Clytemnestre a assassiné Agamemnon à son retour de Troie, après dix ans de guerre. Elle règne aux côtés de son amant, Égisthe. Électre vient hurler sa peine devant le palais de Mycènes, face aux 12 000 spectateurs athéniens. Elle prend à témoin le jour qui se lève, rappelle le meurtre affreux de son père, invoque les déesses de la vengeance. Sophocle la représente ainsi, accablée par le deuil. Grâce à une tradition longue de 2 400 ans, nous connaissons les mots d’Électre prononcés ce jour-là : ceux de l’héroïne, ceux du poète, ceux de l’acteur derrière le masque. Nous avons le texte qui nous permet d’imaginer les gestes. Et de là les effets de scène, l’émotion des spectateurs, le spectacle vivant.

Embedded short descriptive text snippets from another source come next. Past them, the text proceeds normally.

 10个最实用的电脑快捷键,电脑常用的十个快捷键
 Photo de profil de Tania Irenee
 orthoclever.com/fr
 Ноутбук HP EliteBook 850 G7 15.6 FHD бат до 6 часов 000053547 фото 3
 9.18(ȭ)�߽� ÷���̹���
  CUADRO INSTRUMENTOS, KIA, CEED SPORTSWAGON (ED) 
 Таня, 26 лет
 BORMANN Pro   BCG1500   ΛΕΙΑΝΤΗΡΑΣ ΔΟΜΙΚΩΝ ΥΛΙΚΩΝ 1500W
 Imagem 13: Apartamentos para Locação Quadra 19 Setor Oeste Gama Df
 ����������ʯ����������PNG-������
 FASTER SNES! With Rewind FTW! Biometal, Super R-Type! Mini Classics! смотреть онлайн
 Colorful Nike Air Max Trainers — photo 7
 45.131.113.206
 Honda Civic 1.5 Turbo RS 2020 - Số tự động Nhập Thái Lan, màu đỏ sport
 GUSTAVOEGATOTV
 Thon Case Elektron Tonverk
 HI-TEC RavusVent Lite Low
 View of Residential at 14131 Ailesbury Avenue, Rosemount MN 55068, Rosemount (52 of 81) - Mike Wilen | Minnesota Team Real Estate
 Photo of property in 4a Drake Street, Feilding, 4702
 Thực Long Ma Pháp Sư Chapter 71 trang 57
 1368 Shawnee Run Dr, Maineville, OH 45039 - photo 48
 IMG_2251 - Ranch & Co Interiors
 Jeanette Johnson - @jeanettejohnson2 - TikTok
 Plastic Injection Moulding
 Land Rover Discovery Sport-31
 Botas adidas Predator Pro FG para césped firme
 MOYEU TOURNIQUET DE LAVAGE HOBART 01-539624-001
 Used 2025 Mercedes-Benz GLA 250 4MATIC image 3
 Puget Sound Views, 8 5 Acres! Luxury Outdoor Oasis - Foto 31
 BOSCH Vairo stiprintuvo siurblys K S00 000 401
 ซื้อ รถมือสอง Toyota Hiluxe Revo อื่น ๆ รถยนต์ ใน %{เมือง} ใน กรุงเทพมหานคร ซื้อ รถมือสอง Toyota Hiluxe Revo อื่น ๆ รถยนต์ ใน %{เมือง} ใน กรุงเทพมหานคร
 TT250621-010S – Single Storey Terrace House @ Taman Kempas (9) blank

Le présent ouvrage part à la recherche de ces gestes perdus. Entre les lignes des trois « Électre » d’Eschyle, Sophocle et Euripide, il décèle des gestes de différentes natures : jeu et danse du comédien ; actes de parole d’Électre qui prie, se lamente, jure, maudit ; figures stylistiques par lesquelles le poète donne corps au texte. Or ces différents « gestes » semblent se compléter, se répondre... Pour s’en assurer, il faut adopter une autre lecture : mobiliser, comme le public grec, l’ouïe et le regard.